You can do all of this with https://materialize.com, and you don’t need to write it in Java. Just connect it to a Postgres instance and start creating materialised views using SQL. These views then auto update. So much so, that you can create a view for the top 10 of something, and let it sit there as the list updates. Otherwise just use normal select statements from your views using any Postgres client.


IIUIC, the most significant difference from a materialized view is that the Rama infrastructure recompute only the changed data by checking the relationship between fields, while a traditional materialized view recomputes the whole table?


isn't Materialized performing symbolic differentiation of SQL queries?


incremental view maintenance is the database equivalent of: "recompute only the changed data by checking the relationship between fields,"

Oracle has decent support for incrementally updated materialized views, redshift has some too. Materialize.com is an entire snowflake-like platform built around incrementally maintained materialized views.


> I read their post and honestly it’s not really that much different than just materialized views in a regular database plus async jobs to do the long running tasks.

How about you go and implement a Mastodon server to their level of feature parity, and tell us how much effort and how many lines of code it takes?

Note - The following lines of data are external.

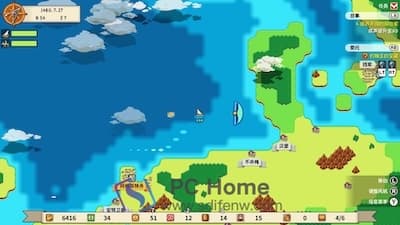 从萨格里什起航 游戏界面1 从萨格里什起航 游戏界面1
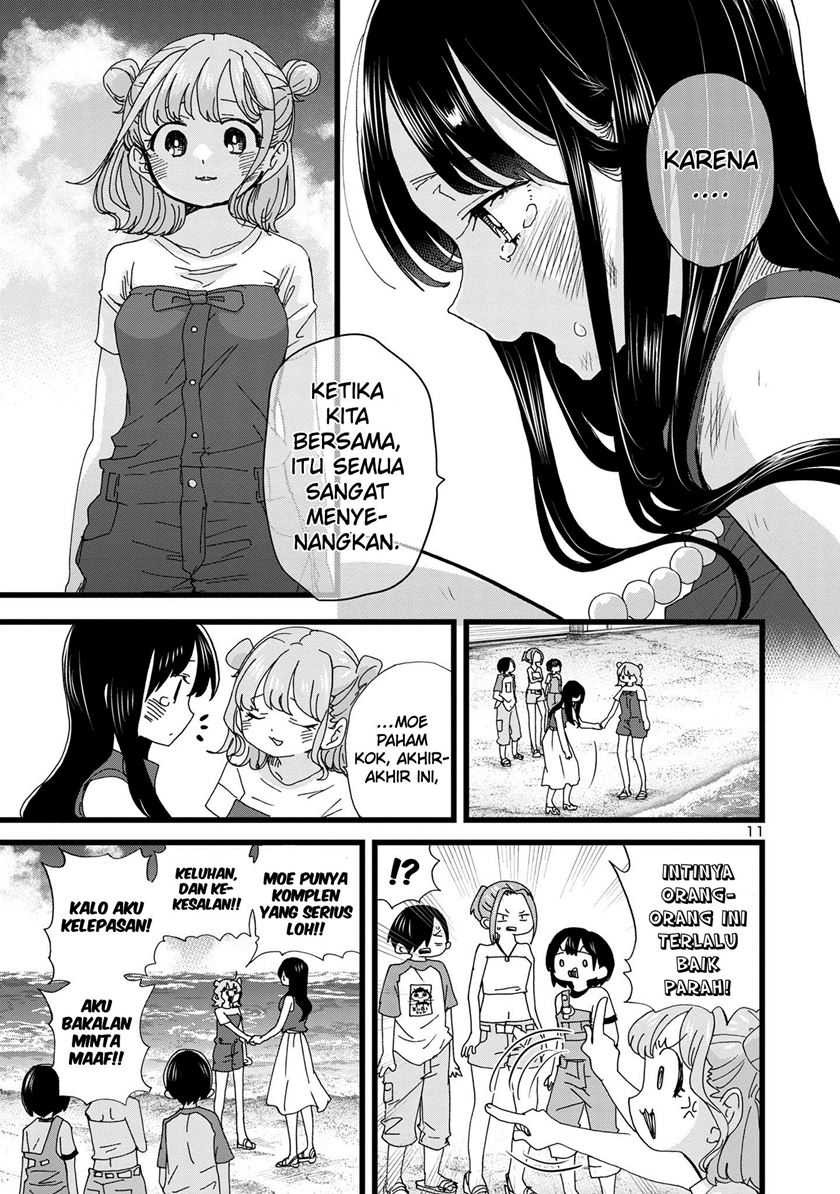 Boku no Kokoro no Yabai Yatsu: Chapter chapter-134 - Page 13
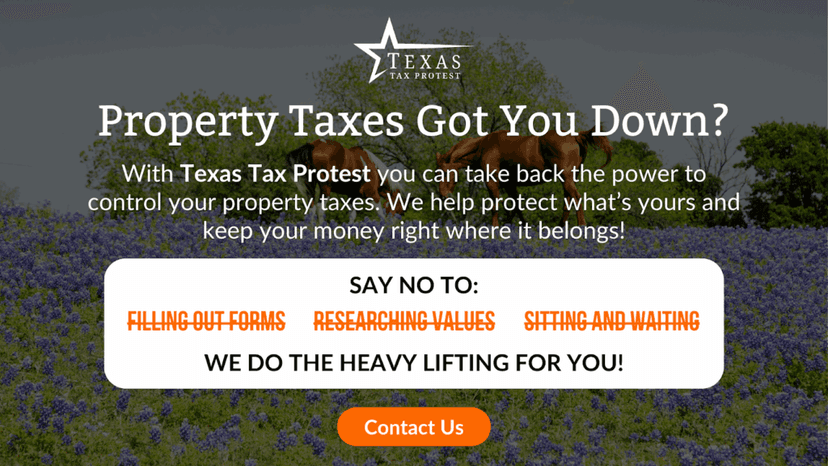 Fight back against high property taxes with Texas Tax Protest today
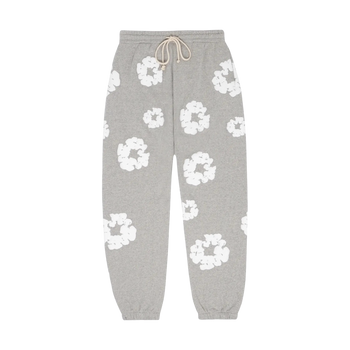 Denim Tears Cotton Wreath Sweatpants Grey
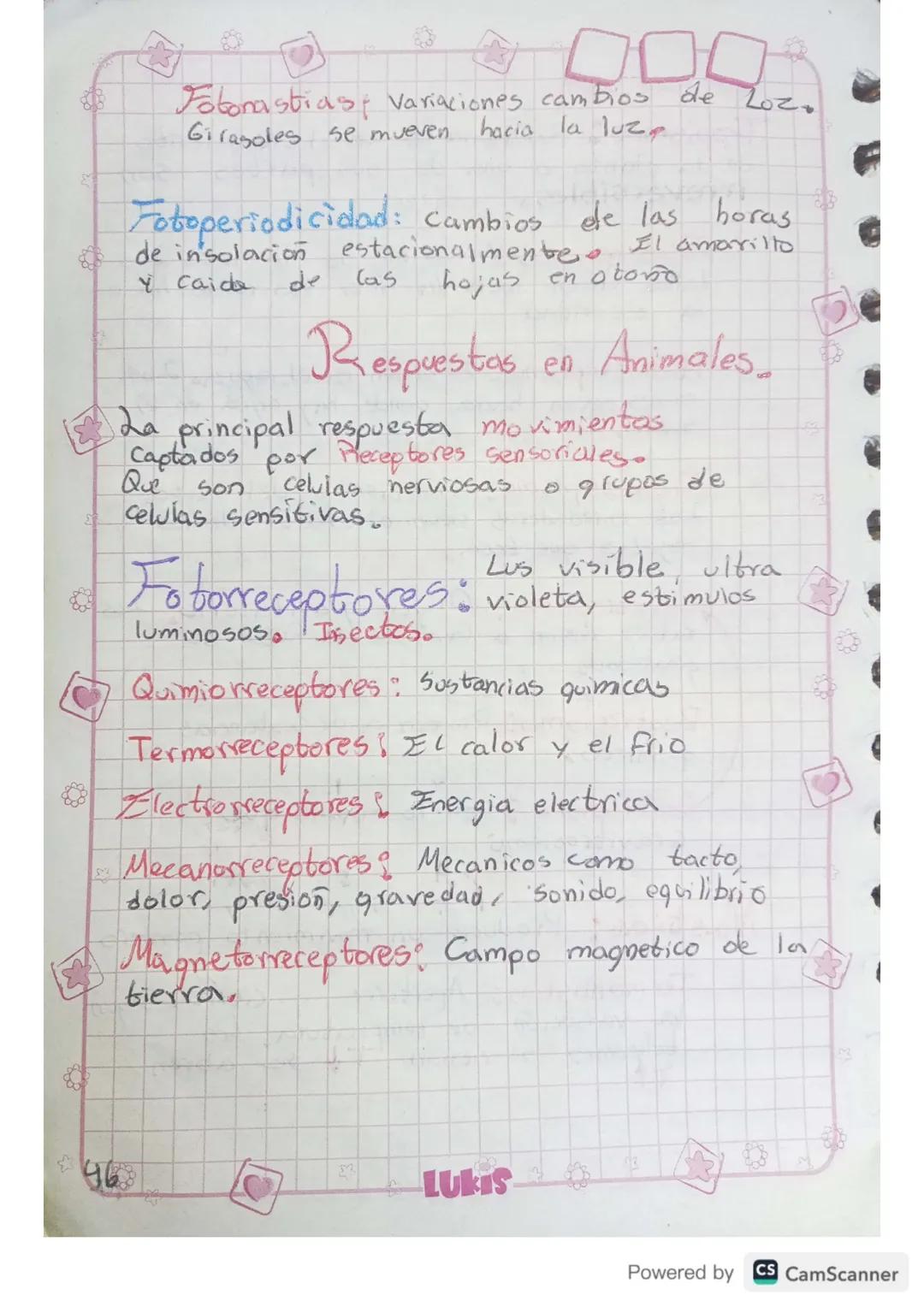 0000
ㅁㅁㅁ
Bioquimica, Dobive
Estimulo: Es
un cambio en
el
medio que
rodea
a un
organismo o en su interior
E
Pueden ser de temperatura, luz, S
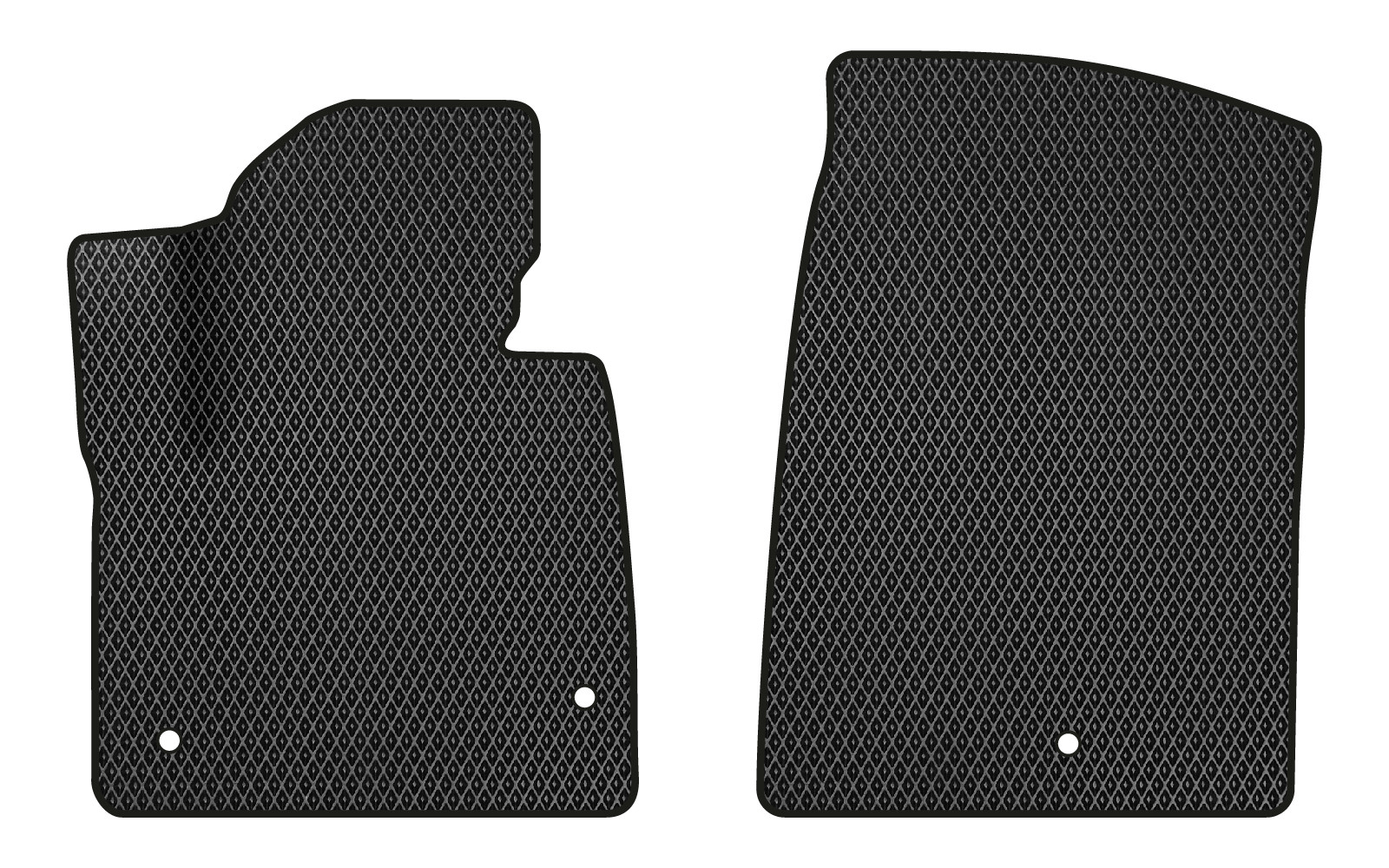 EVA килимки в салон авто передні EVAtech для Santa FE (DM) 5 seats Hyundai 2012-2017 3 покоління SUV USA HY34364AD2KH3RBB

I really don't appreciate this kind of fluffy, insubstantial, overly dismissive non-content on HN.


This is all armchair for me, but I think they have containers and sharding built in as well, which is the other half of the puzzle when it comes to scaling.


Yes, but there are plenty of NewSQL that support views and offer all of that too. Yugabyte, Cockroach, TiDB and that’s just off the top of my head and open source. If we count proprietary then you have Fauna, Cloud Spanner and more I’m sure.